I will give it a try here by sharing a recent experience, and you, dear reader, will hopefully let me know if I succeeded.
Tiffany Dome at the Chicago Cultural Center
Last Wednesday I was touring downtown Chicago with my aunt and uncle, who were visiting from Michigan. We explored Millennium Park and marveled at our reflections in the “Bean.” I pointed out the many changes in the skyline of the last decade, and we reminisced about touring Paris together many years ago. Then an already blustery day turned into a rainy day, and the temperature started dropping, so we turned in for an early lunch at the Corner Bakery. After that we braved the cold again, wandering north on Michigan Ave. I kept pulling my hood over my head, and the wind kept whipping it off. By the time we reached the Chicago Cultural Center, the idea of warming up in a building seemed awfully attractive, so I said: “Let’s step in there; I’ll show you the Tiffany Dome.”

When I asked the guy at the information desk whether we could go up to see the Tiffany Dome, he said: “You sure can, in fact, they are setting up the piano there now. There’s a concert beginning in a few minutes, and it’s free.”

I was intrigued. My aunt and uncle love music.
I looked at them, their hands still deep in their coat pockets, and asked: “Shall we do that?”
“Sure.”
So we climbed the staircase with all the mosaics on its walls, made of small shards of colored glass in between cream-colored tiles. Walking up you already know you’ve reached an oasis. Upstairs an usher greeted us, gesticulating for us to hurry: “There are seats on the sides, seats on the sides.” Over loud speakers, an announcer was already reviewing the résumé of the musicians.

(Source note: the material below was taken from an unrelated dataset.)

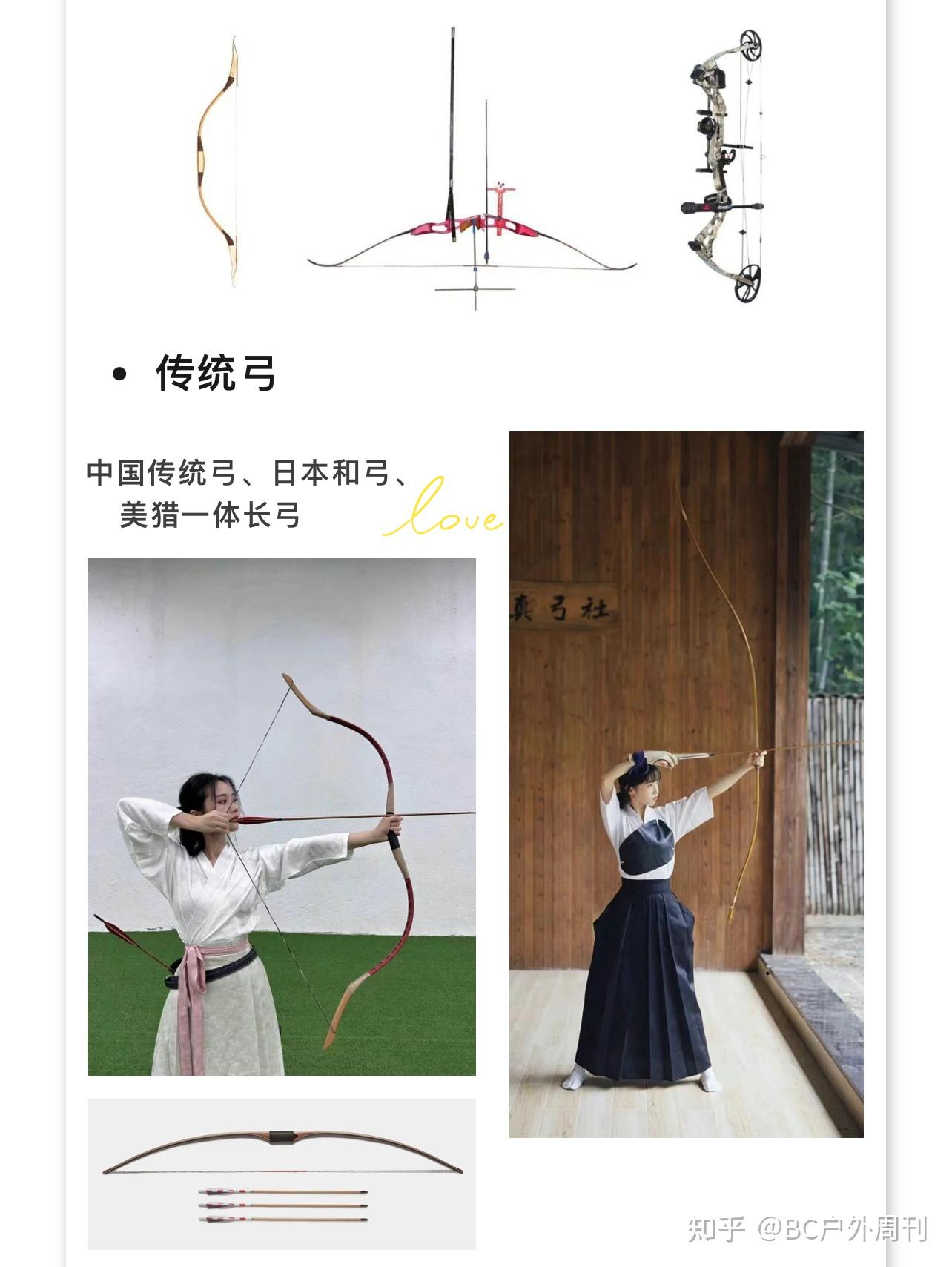 【户外装备】直拉弓、反曲弓、复合弓,哪种弓更适合野外求生? - 知乎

I glimpsed the sea green dome shimmering above the heads of the people seated in the middle of the Preston Bradley Hall that, just like the staircase, featured cream-colored walls, set with tiny mosaics.

Indeed there were empty seats in the side wing of the hall, not under the dome but close enough to marvel at it, and not too far from where a grand piano was set up on a podium.
Tiffany Dome at the Chicago Cultural Center

Once I settled into a seat, the program on my lap, I was mainly awestruck by the jewel box I found myself in, and the good fortune that such places exist, right here in the city.

Outside people were rushing about on their lunch hour, nipped at by the wind, and I was cozy inside. It wasn’t only warm but the walls sparkled and the largest art glass dome made by Tiffany rose above me. Then the musicians appeared. The program announced Blagoj Lamnjov, Clarinet, and Kuang-Hao Huang, Piano.

It wasn’t until the undulating sound of the clarinet rippled through the hall that the true serendipity of this moment hit me: The clarinet is my sister’s instrument.

I leaned over to my uncle and whispered: “My sister would have loved this.” He nodded knowingly. She had visited with him and my aunt earlier this year, and, together with my mother, they had made music: My sister on the clarinet, my mother on the piano, my uncle and my mother singing. And now, on this lunch hour on a blustery cold November day in Chicago, under a Tiffany Dome from 1897 that by itself makes your heart soar, I was listening to the first selection of this Dame Myra Hess Memorial Concert, André Messager’s Solo de Concurs for Clarinet and Piano (Listen!).

The strings of family – what we do together, what we appreciate, and who we care about – were coming together, and I was floating in the bliss of having stepped into this moment.